The really relevant point here, is how strong this correlation is vs a typical investor. We should expect this correlation to be far lower for a philanthropic investor than a self-interested, developed world investor, and therefore it makes little sense as an argument for lower risk aversion.
For illustration:
- Suppose the optimal collective financial portfolio across philanthropists in some cause area would have been 60% stocks, 40% bonds if stocks and bonds had been the only asset options.
- Now suppose some of the philanthropists have opportunities to invest in startups. Suppose that, using bonds as a baseline, startup systematic risk is twice as severe as the systematic risk from a standard index fund. What should the collective portfolio be?
- First, consider the unrealistic case in which—despite systematic risk fully twice as severe for startups as for publicly traded stocks—the expected returns are only twice as high. That is, suppose that whenever stock prices on average rise or fall by 1%, the value of a random portfolio of startups rises or falls by x% where x > 0.6. For illustration, say x = 2. Then a portfolio of 30% startups and 70% bonds would behave like a portfolio of 60% stocks and 40% bonds. Either of these portfolios, or any average of the two, would be optimal.
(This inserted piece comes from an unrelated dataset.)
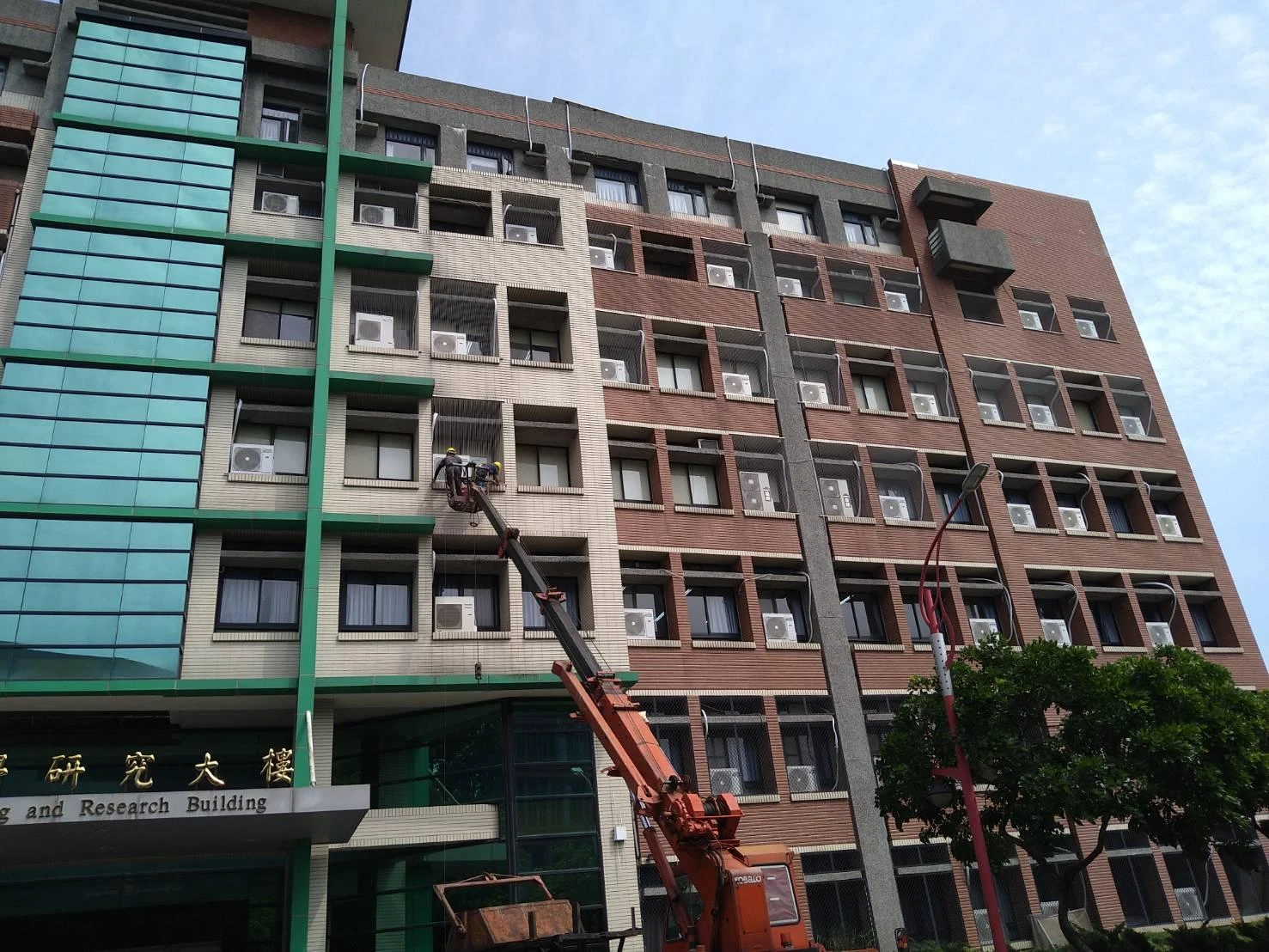 桃園國立體育大學 隱形防鴿工程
- But if startups are (say) twice as systematically risky as stocks (relative to bonds), expected returns (above bonds) should be expected to be more than twice as high. If the expected returns were only twice as high, startup founders would only be being compensated for the systematic risk; but as noted, most founders also need to be compensated for idiosyncratic risk.
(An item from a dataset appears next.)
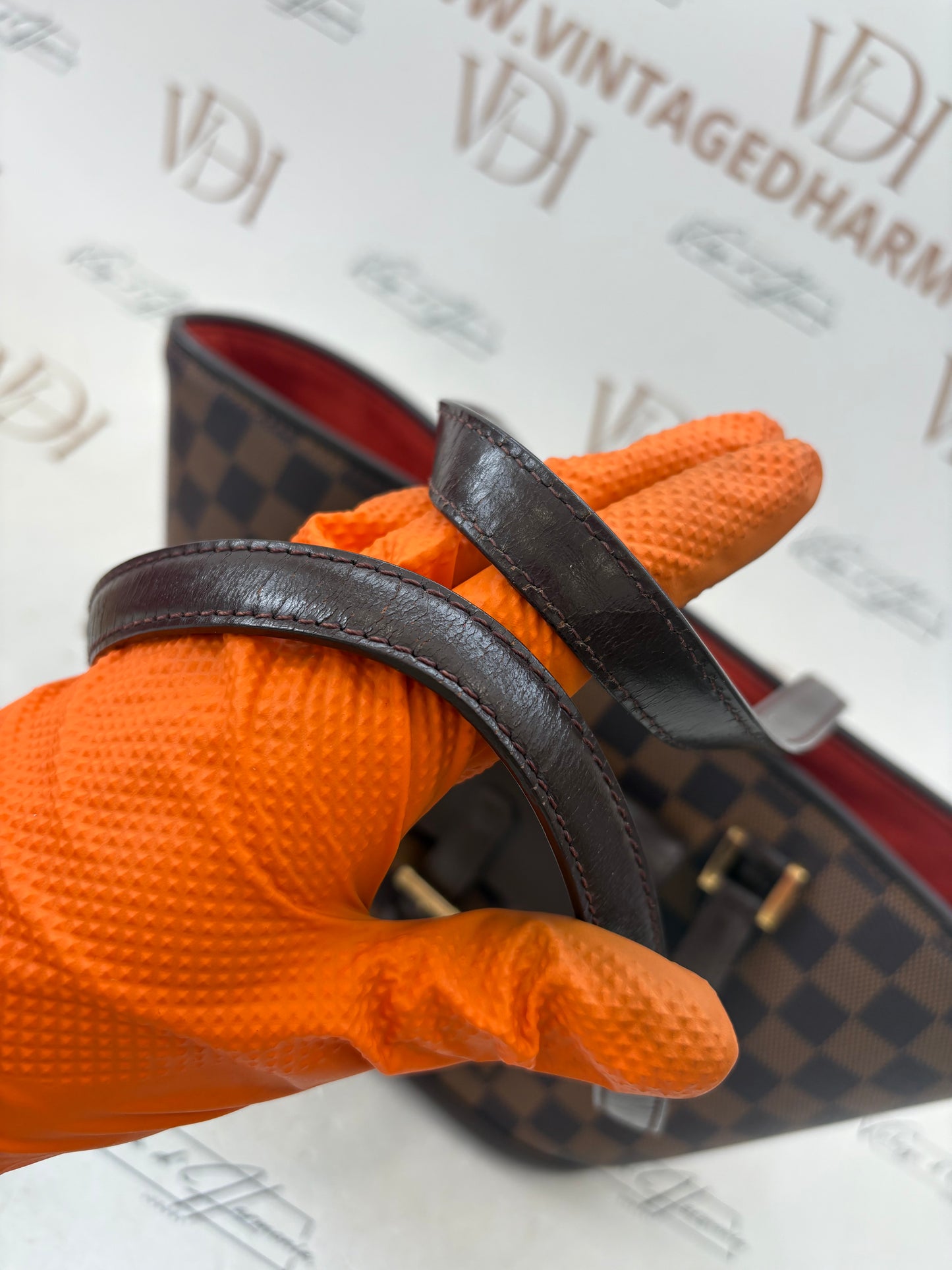 018756 - Louis Vuitton Manosque PM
- To the extent that startup returns are boosted by this compensation for idiosyncratic risk, the optimal collective financial portfolio across these philanthropists is then some deviation from 30% startups / 70% bonds in the direction of startups. Everyone without a startup should have 100% of their portfolio in bonds.
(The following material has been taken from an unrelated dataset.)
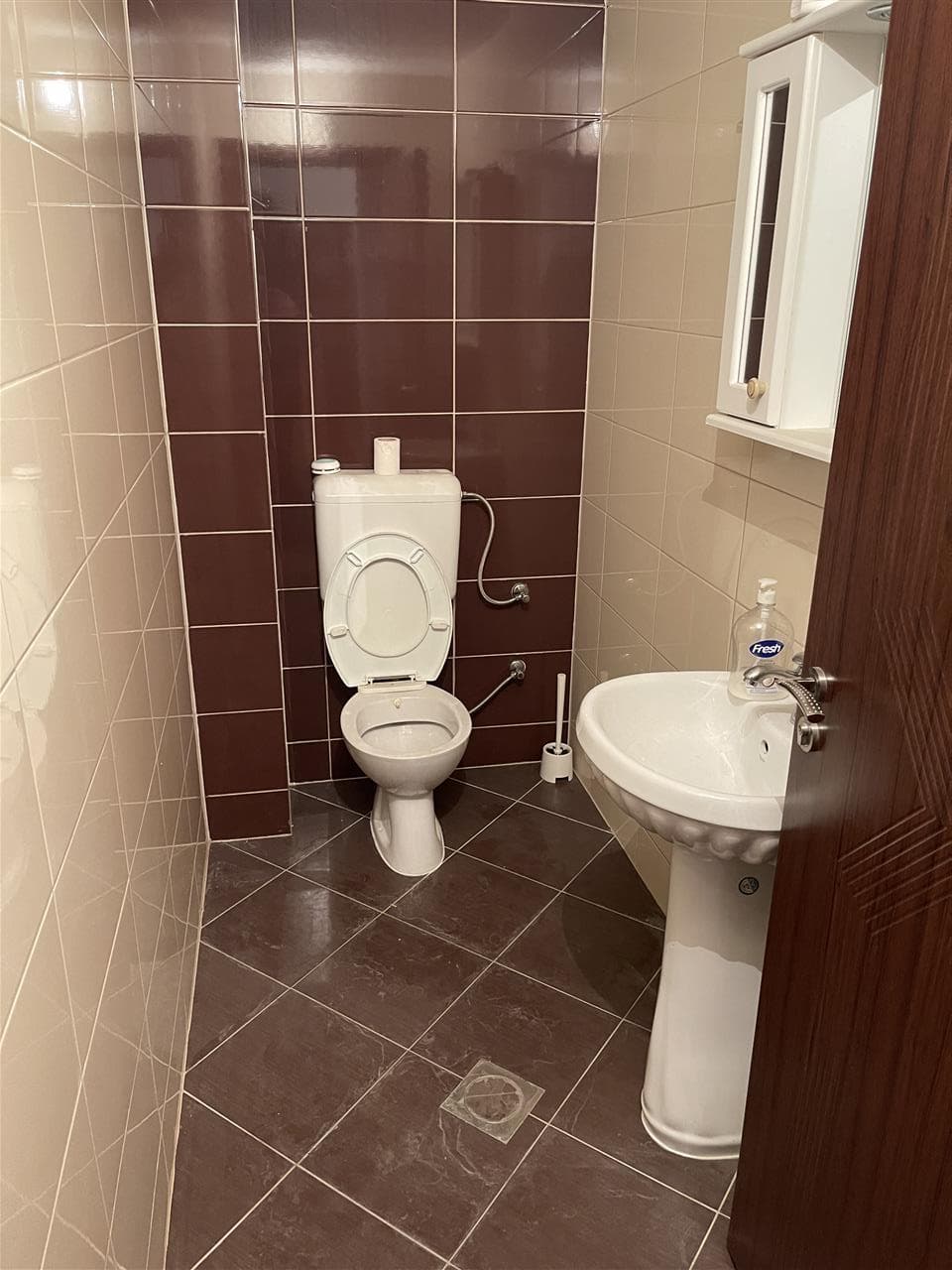 Shitet banesa në lagjën Qafa ne Prishtine 2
This entire paragraph doesn't make sense.
An EA-aligned endowment held in safe bonds would not have lost value, and so would have done a lot more good now that the marginal utility to “EA spending” is (presumably permanently) higher than it otherwise would have been.
Just to be clear, you are often writing "safe bonds" but talking as if you mean cash or cash equivalents. The 60 / 40 portfolio you are generally benchmarking against in this post typically invests in bonds with a variety of durations. The US treasury market as a whole lost ~13% in 2022, so it definitely would have "lost value".
Suppose a philanthropist’s (or philanthropic community’s) goal is simply to provide for a destitute but otherwise typical household with nothing to spend on themselves. Presumably, the philanthropist should typically be as risk averse as a typical household.[16] Likewise, suppose the goal is to provide for many such households, all of which are identical. The philanthropist should then adopt a portfolio like the combination of the portfolios these households would hold themselves, which would, again, exhibit the typical level of riskiness. This thought suggests that the level of risk aversion we observe among households may be a reasonable baseline for the level of risk aversion that should guide the construction of a philanthropic financial portfolio.
I don't think this is a very relevant model of what most philanthropists are trying to do. I don't think they are trying to help a fixed number of households, they are trying to help a variable number of households as much as possible. This changes the calculus substantially and makes the portfolio much more risk seeking.
It's not particularly my place to discuss this, but when I replicated his plots I also found got very different results, and since then he shared his code with me and I discovered bug in it.